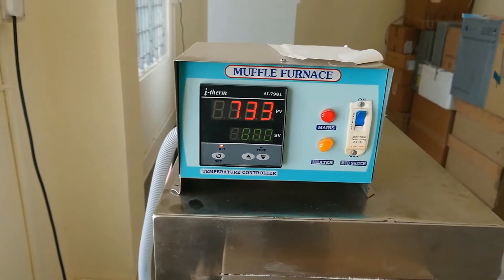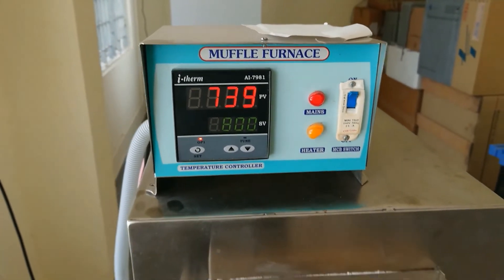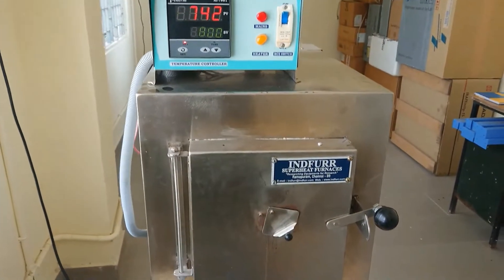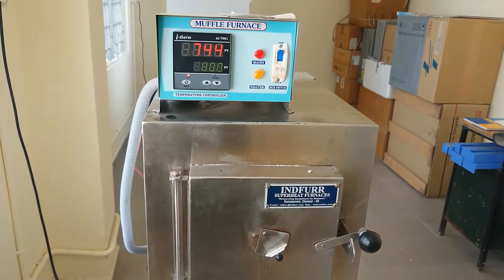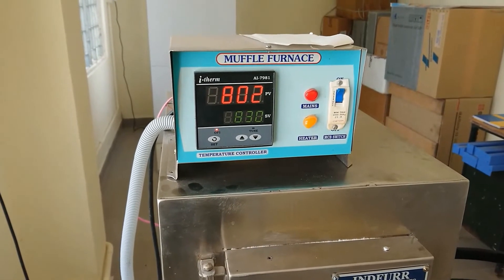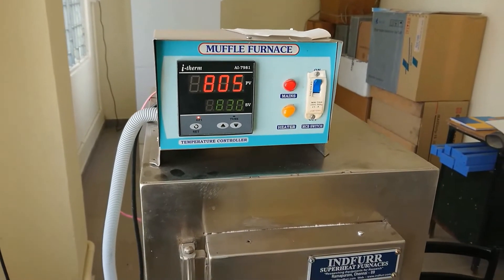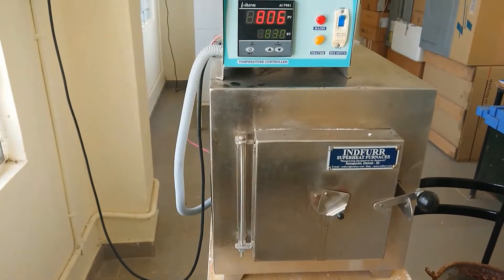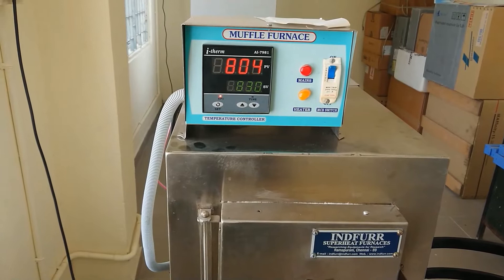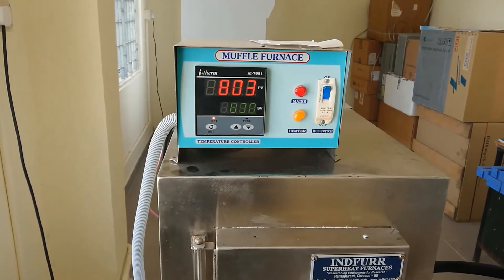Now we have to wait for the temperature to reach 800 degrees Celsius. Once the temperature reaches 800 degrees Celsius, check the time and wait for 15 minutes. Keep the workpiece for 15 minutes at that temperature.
==
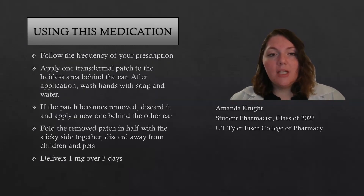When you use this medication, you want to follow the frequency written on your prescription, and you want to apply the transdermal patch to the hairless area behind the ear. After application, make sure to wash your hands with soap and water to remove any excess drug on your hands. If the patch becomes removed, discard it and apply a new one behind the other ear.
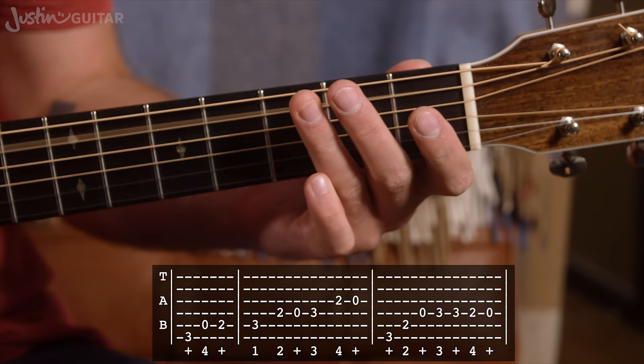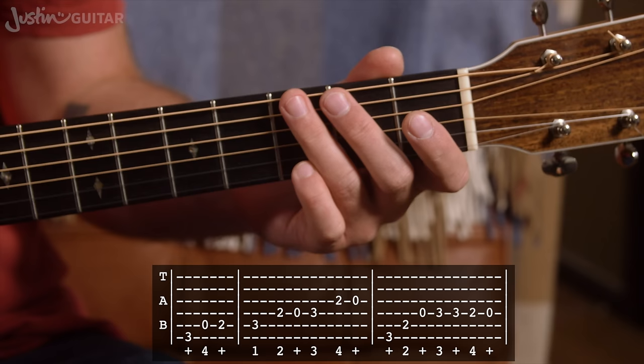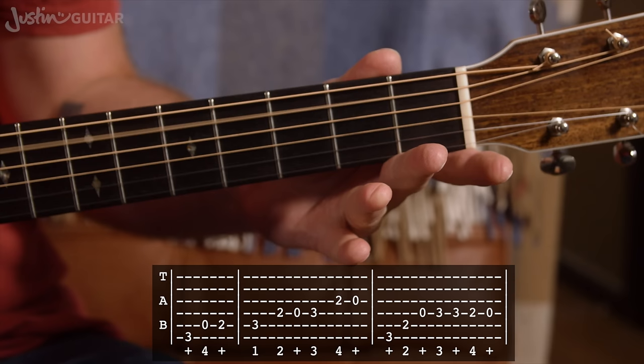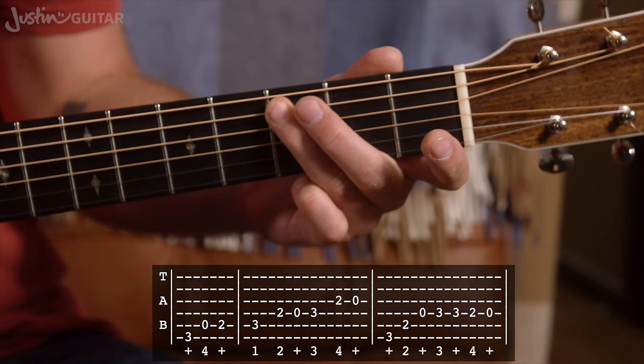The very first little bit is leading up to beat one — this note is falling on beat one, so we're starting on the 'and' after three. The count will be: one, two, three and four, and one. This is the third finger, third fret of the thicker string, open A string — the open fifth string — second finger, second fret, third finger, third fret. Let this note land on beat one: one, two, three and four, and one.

Task to carry out. Every line above from the one with "When you use" down to the one with "The very first" must be written out exactly, and no picture may appear.

Answer to the problem.
When you use this medication, you want to follow the frequency written on your prescription, and you want to apply the transdermal patch to the hairless area behind the ear. After application, make sure to wash your hands with soap and water to remove any excess drug on your hands. If the patch becomes removed, discard it and apply a new one behind the other ear.
The very first little bit is leading up to beat one — this note is falling on beat one, so we're starting on the 'and' after three. The count will be: one, two, three and four, and one. This is the third finger, third fret of the thicker string, open A string — the open fifth string — second finger, second fret, third finger, third fret. Let this note land on beat one: one, two, three and four, and one.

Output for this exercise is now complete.